We posed the same ten questions to each of the five and will feature their responses, one a day, throughout this week. Today: Jim Mickle.
1. Your name and year of birth.
Jim Mickle 1979
2. What is the first film you remember seeing in a movie theatre? Who took you?
My parents took me to see PINOCCHIO when I was too little to remember much, but I can very clearly remember the theater experience and the whale scene.
3. What is the first moment you remember thinking that making movies was something you wanted to do?
It sounds predictable, but I remember the exact shot in ARMY OF DARKNESS where all of my unfocused interest in the film world kind of clicked into place and I knew exactly what I wanted to be doing.

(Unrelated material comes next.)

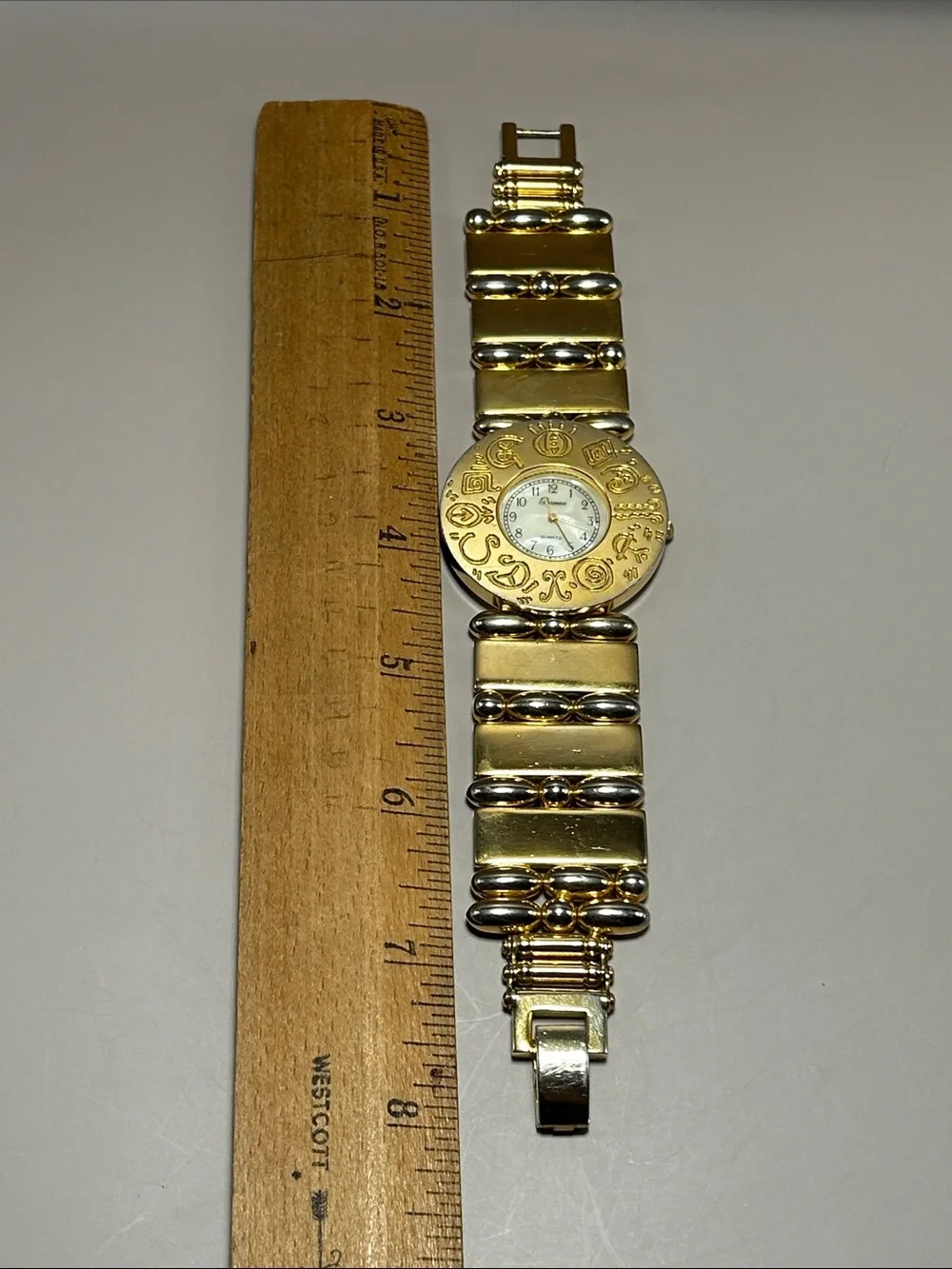 Costume Jewelry Gold-Tone Bracelet Watch with Decorative Dial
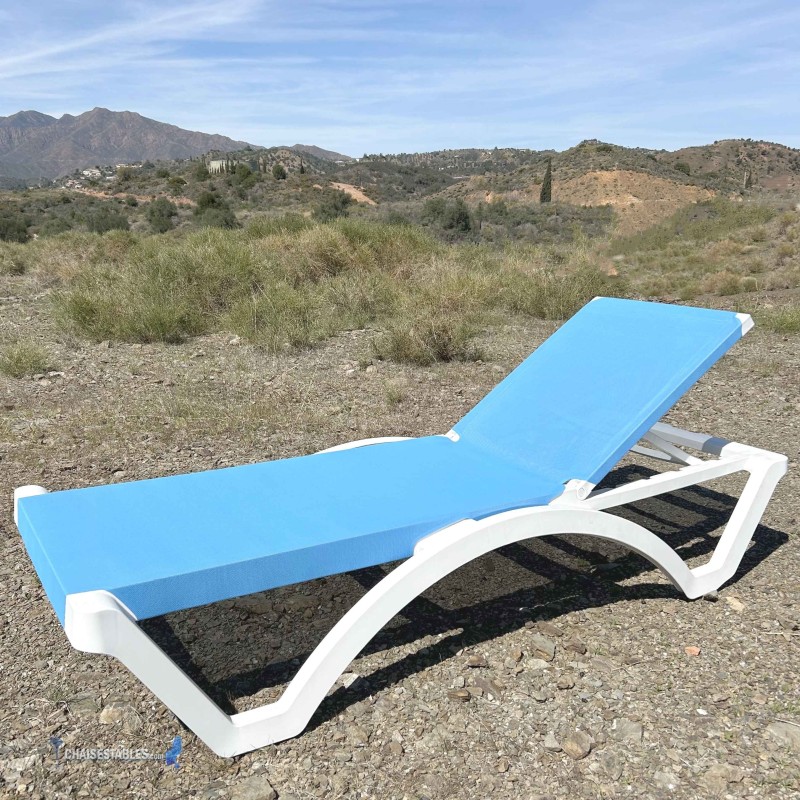 Chaise Longue Bain de soleil MYKONOS bleu pas cher. Acheter Chaises...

I was about thirteen and obsessed with make-up FX and animatronics and was always trying to build monsters with bike brake cables and cheap latex. The idea of making movies was just an excuse to try out FX gags. But about 10 minutes into ARMY OF DARKNESS, there's a wide shot of them pulling up to the castle and I remember being completely caught up by the filmmaking up to that point. I was aware for the first time of the language of storytelling and how whoever was making the movie was having fun with camera moves, compositions, costumes, music, etc. There were all these other elements to filmmaking that I started paying attention to.
I had just watched TICKS and LEPRECHAUN that day too, so I was ready for something new even at that age.
4. The directors grouped in this series were all chosen because something feels essentially American about them. In your mind, what separates American horror film from horror around the world?
It can probably be best described by its wide variety. That and a big part of its resurgence is a new sense of fear and paranoia largely prompted by American politics. Whether it's dealt with directly or indirectly, we have something to talk about again and now things like the end-of-the-world don't seem so impossible anymore. So suddenly, there's a real appetite for films that deal with everyday scary things, THE LAST WINTER being a perfect example.
I'd like to think we're dealing with a time that's closer to the '70s in terms of the appetite for real genre films. New software and camera technology allow indie filmmakers to actually compete with studio fare for attention instead of being relegated to little or no release. Hollywood can stick to remaking everything in sight, and indie filmmakers can take more complicated topics and make more satisfying genre experiences affordably.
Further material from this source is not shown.